It would be a great idea if every family took a road trip across the great land we call the United States. There are so many amazing places to see and interesting people to meet. Plus, you will build great family memories and learn a lot of lessons in flexibility.
We left Colorado and traveled west on I-70 going through the mountains. The views were amazing and we stopped several times along the way just to get a closer look.
As we passed through into Utah, David realized that we might have a problem with the van. We decided we needed to stop and have someone check out the radiator. So, we pulled off the interstate and drove into a dying little town that the kids dubbed ‘Radiator Springs.’ (Because 1. it reminded them of the little town in the movie ‘Cars’ and 2. we were having radiator trouble.)
Actually, the town was named Green River although we never saw a sign of any river. The motley collection of empty buildings, many of them near ruin, created images of a once lively town. The town seemed to have more in common with the tumbleweed rolling across the streets than any other town we had been through.
We dropped the car off and walked down the road to a local restaurant. It was and old-style diner complete with spinning chairs at the counter. The woman greeted us in Spanish and we quickly realized that she spoke no English.
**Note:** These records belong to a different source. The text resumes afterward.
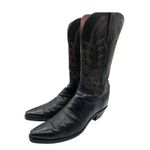 Lucchese  1883 Savannah Black Mad Dog Goat Leather Snip Toe Western Boots Size 10 Photo 2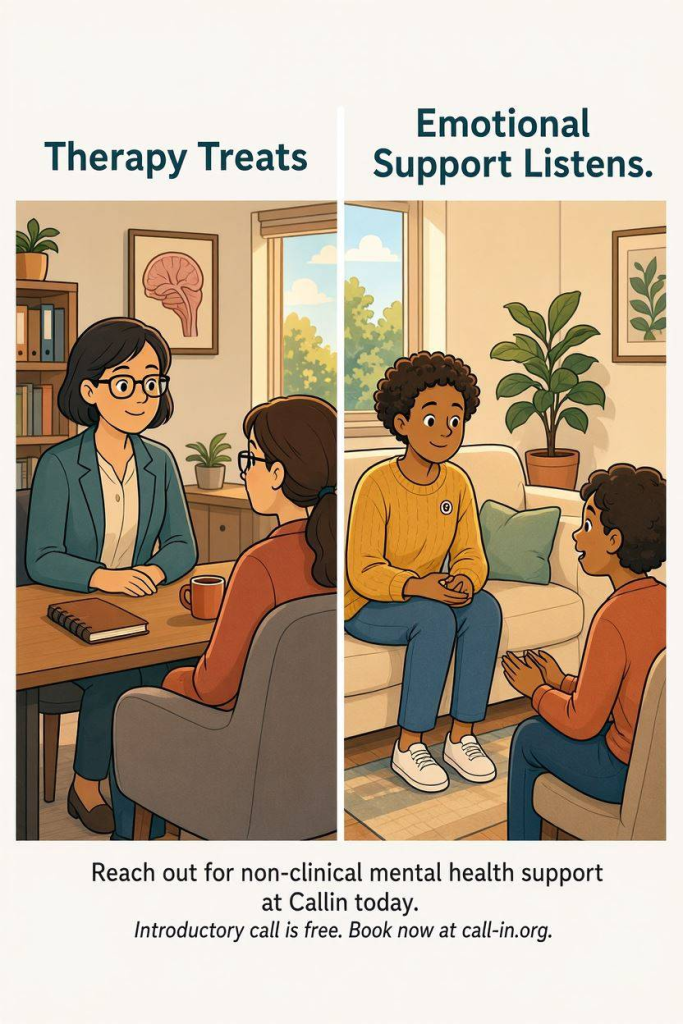 Split comic illustration comparing therapy for clinical treatment with non-clinical emotional support focused on listening.
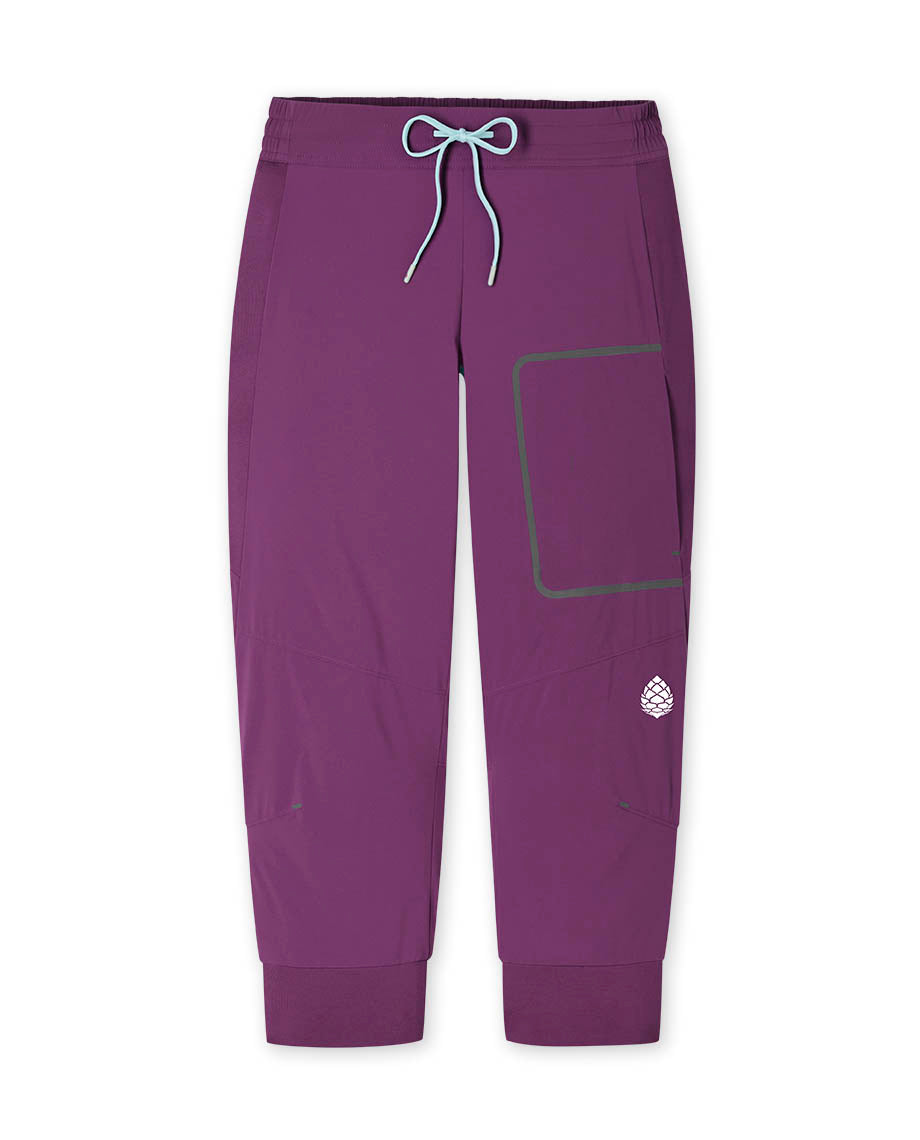 Women's Nike Air 7/8 Fleece Trousers L Purple Plum Sweatpants Pants Cuffed  Pant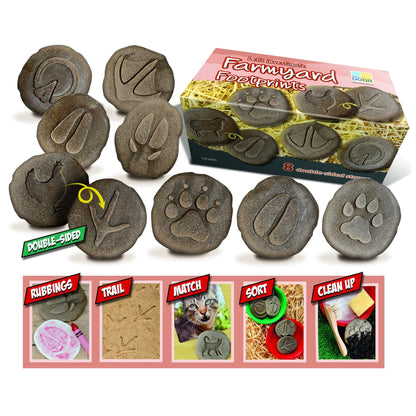 Let's Investigate Farmyard Footprints Stone, Pack of 8 - Loomini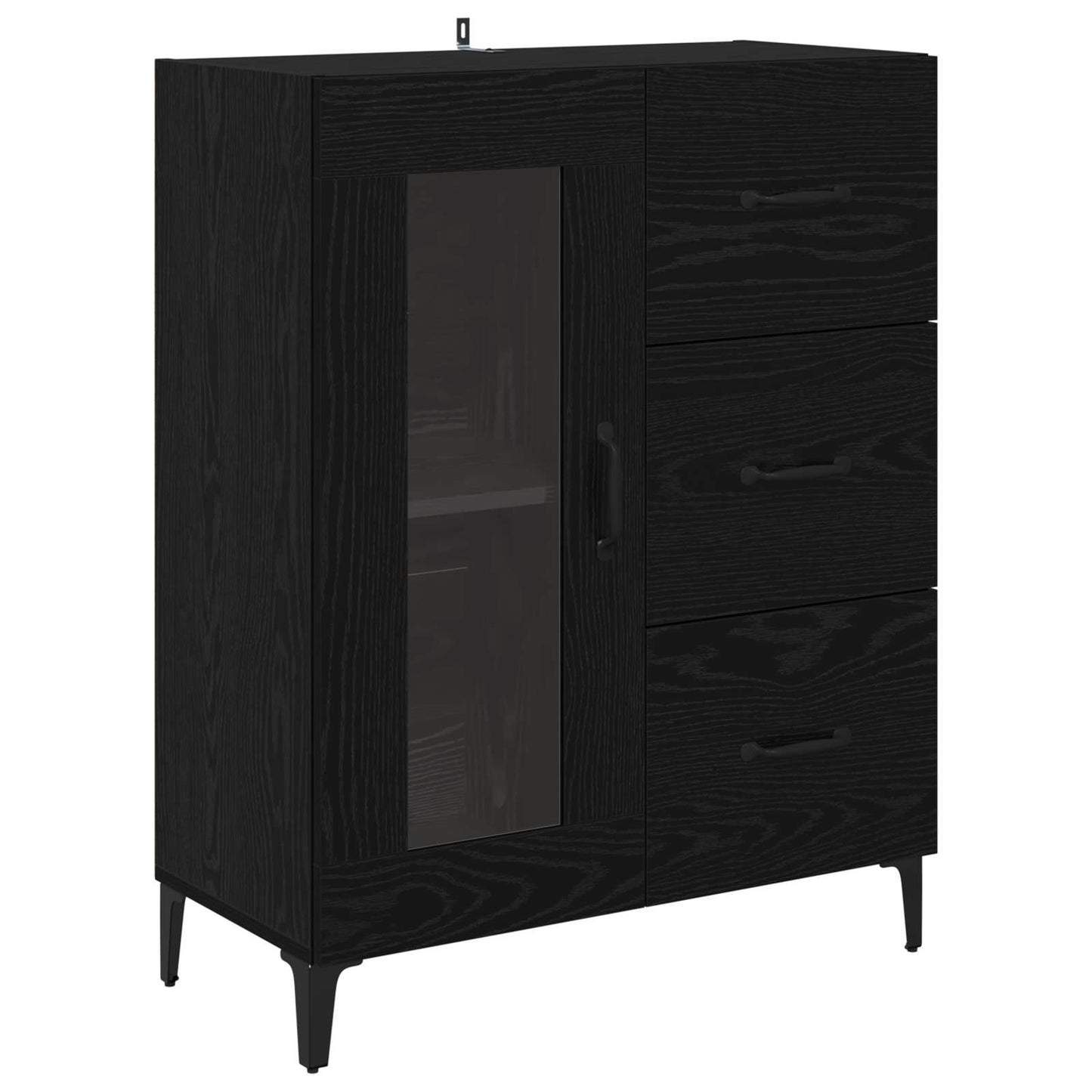 Highboard Schwarz Eichen-Optik 69,5 x 34 x 180 cm Holzwerkstoff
We ordered coffee, cokes, and a couple of super, yummy tostadas (the real thing). Then we sat down and talked with the owner for the next hour. So. . .I didn’t actually do much talking. I left that to David, but I did understand more than I expected.
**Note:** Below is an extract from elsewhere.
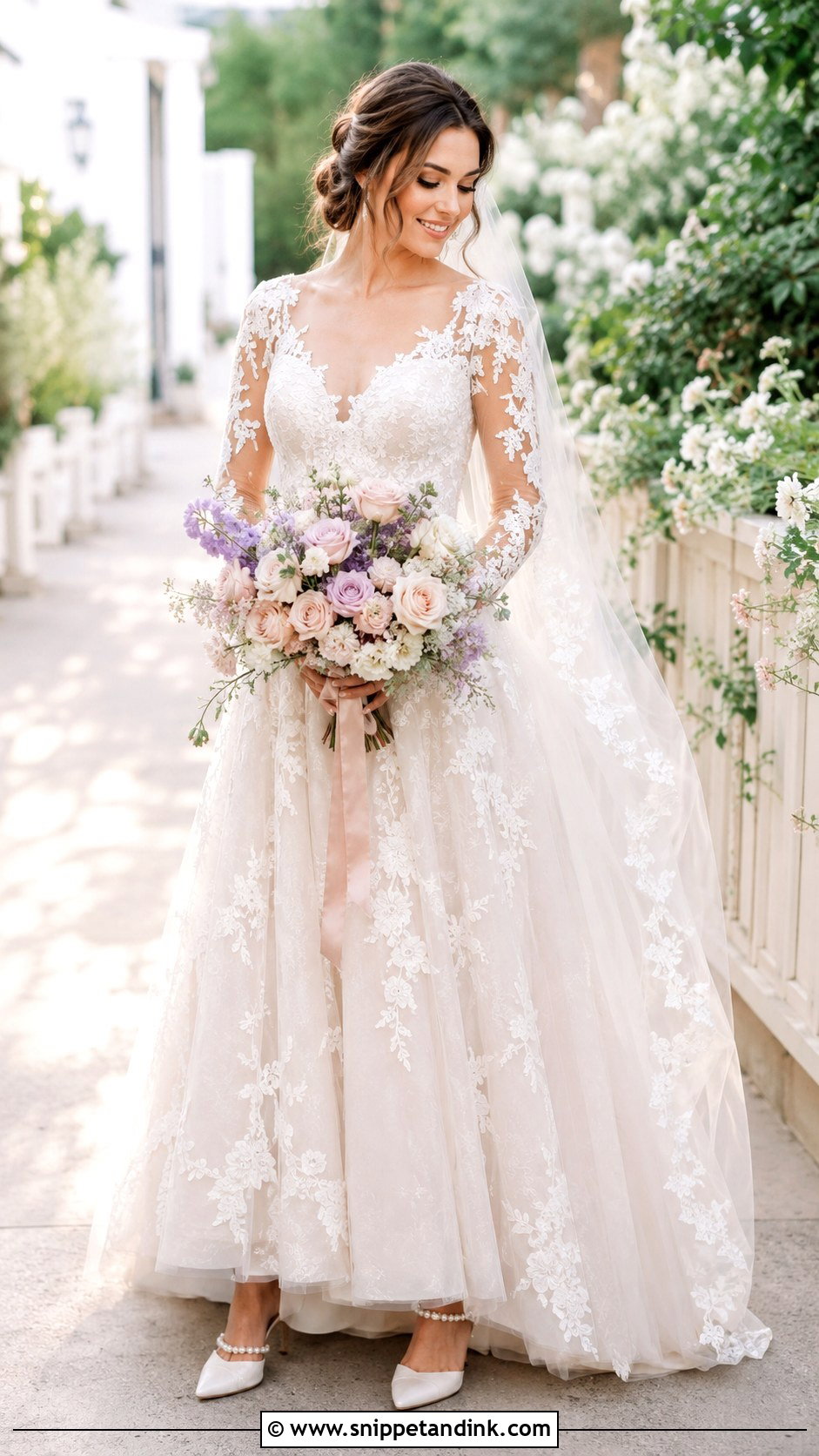 Rapunzel Floral Lace Wedding Dress - Snippet and Ink - 25 Rapunzel Wedding Dress Ideas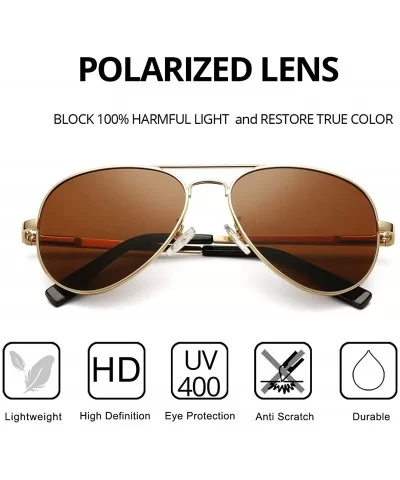 Polarized Aviator Sunglasses Metal Frame Mirrored UV400 Lens - Gold/Brown - CC18OZ23CDC $21.05 Sport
We found out the owner has only lived in the states 2 years. There are no spanish-speaking churches in the area, but the is a large mormon influence. As a matter of fact, the lady assumed that we were mormon missionaries because we spoke more than one language. She told us that her highschool son had joined a mormon group and was preparing, even now, for his two-year mission. The time her son spends learning languages, doctrine, and culture puts us to shame.
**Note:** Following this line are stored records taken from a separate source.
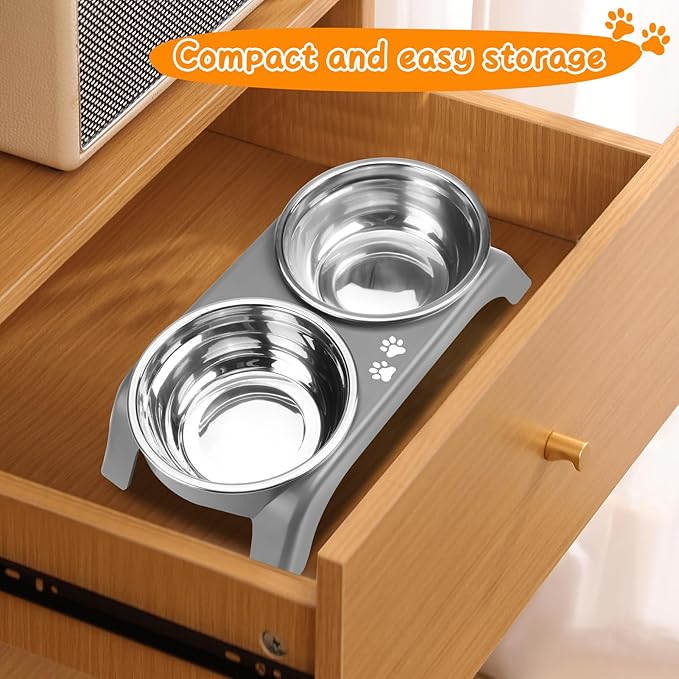Elevated Dog Bowls for Small Dogs, 3” High Raised Dog Bowl Stand with Dual 5” Stainless Steel Bowls Non-Slip Pet Feeder for Puppy and Cats, Dishwasher Safe, Grey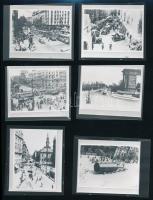 cca 1930 Budapest, Városi életképek (Blaha Lujza tér, Ferenciek tere, Nyugati pályaudvar, Astoria, motorverseny, villamosok, dugó a Mátyás templomnál), 6 db utólagos előhívás, egyik ragasztott, kb. 6x7 cm
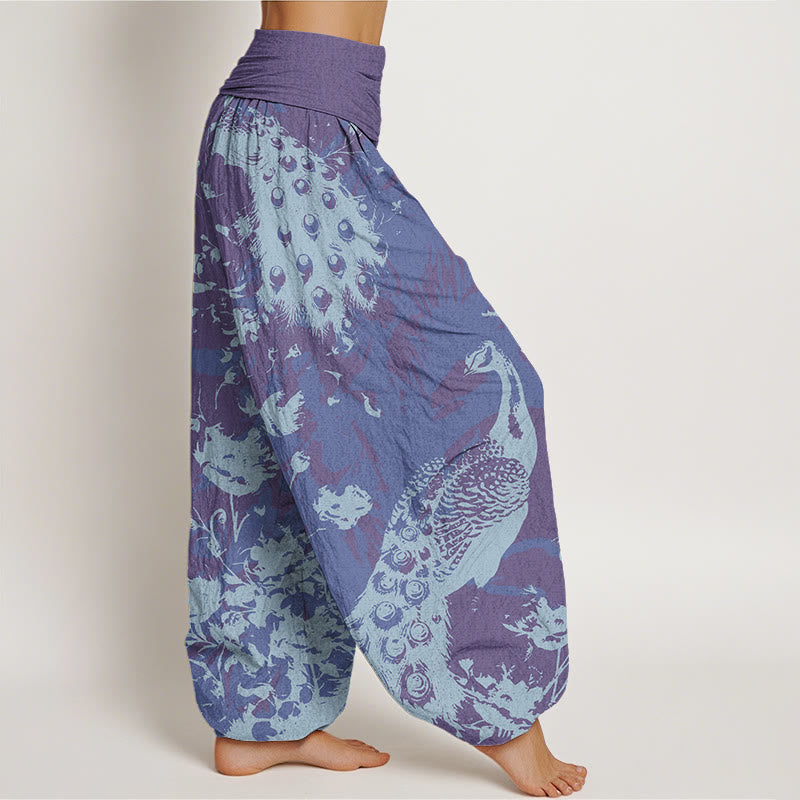 Casual Peacock Grassland Women's Elastic Waist Harem Pants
The woman was shocked to learn that we own a restaurant in China. She thought it was really funny that we make fajitas and quesadillas in Asia. Imagine a white American telling a Mexican restaurant owner that we make Mexican food in China.
So, our trip to ‘Radiator Springs’ turned out to be a really good thing. We got to explore a small town that would have never made it to our places-to-see list and we got to learn some about the culture of the area.